Scores and loadings Plots
The loadings can be represented either on a line plot with the
function lmpLoading1dPlot
to conveniently compare them with
the original spectral profiles or on a scatterplot with the function
lmpLoading2dPlot
.
Here we create an object including the loading plots (as line plots) for all the effects included in the model as well as the combined effect and the residuals.
all_loadings_pl <- lmpLoading1dPlot(resASCA,
effectNames = c(
"Hippurate", "Citrate", "Time",
"Hippurate:Time",
"Hippurate+Time+Hippurate:Time",
"Residuals"
),
axes = 1, xlab = "ppm"
)
The score matrices are represented two components at a time on a
scatterplot with the function lmpScorePlot
.
Main effects
The scores and loadings of the main effects included in the model are represented below.
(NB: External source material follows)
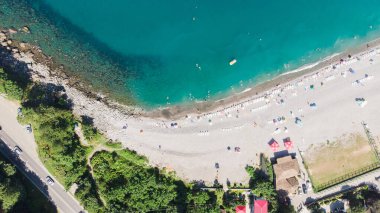 Kvariati 'deki sahil manzarası. Batumi, Georgia.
They show that, thank to the ASCA analysis, Hippurate and Citrate
peaks are clearly and separately retrieved in the respective loading
plots compared to the classical PCA (see Section @ref(pca)) where peaks
of these two chemicals are both present in the two first PCs. The
loading profile of the Time
effect shows a high peak on the
left side of the removed water area.
# Hippurate
hip_scores_pl <- lmpScorePlot(resASCA,
effectNames = "Hippurate",
color = "Hippurate", shape = "Hippurate"
)
hip_loadings_pl <- all_loadings_pl$Hippurate + hip_peaks
grid.arrange(hip_scores_pl, hip_loadings_pl, ncol = 2)
# Citrate
cit_scores_pl <- lmpScorePlot(resASCA,
effectNames = "Citrate",
color = "Citrate", shape = "Citrate"
)
cit_loadings_pl <- all_loadings_pl$Citrate + cit_peaks
grid.arrange(cit_scores_pl, cit_loadings_pl, ncol = 2)
# Time
tim_scores_pl <- lmpScorePlot(resASCA,
effectNames = "Time", color = "Time",
shape = "Time"
)
Warning in FUN(X[[i]], ...): The variance of PC2 is inferior to 1%. Graph
scaled
time_peaks <- annotate("rect",
xmin = c(5.955364), xmax = c(6.155364),
ymin = -Inf, ymax = Inf, alpha = 0.2,
fill = c("royalblue")
)
tim_loadings_pl <- all_loadings_pl$Time + time_peaks
grid.arrange(tim_scores_pl, tim_loadings_pl, ncol = 2)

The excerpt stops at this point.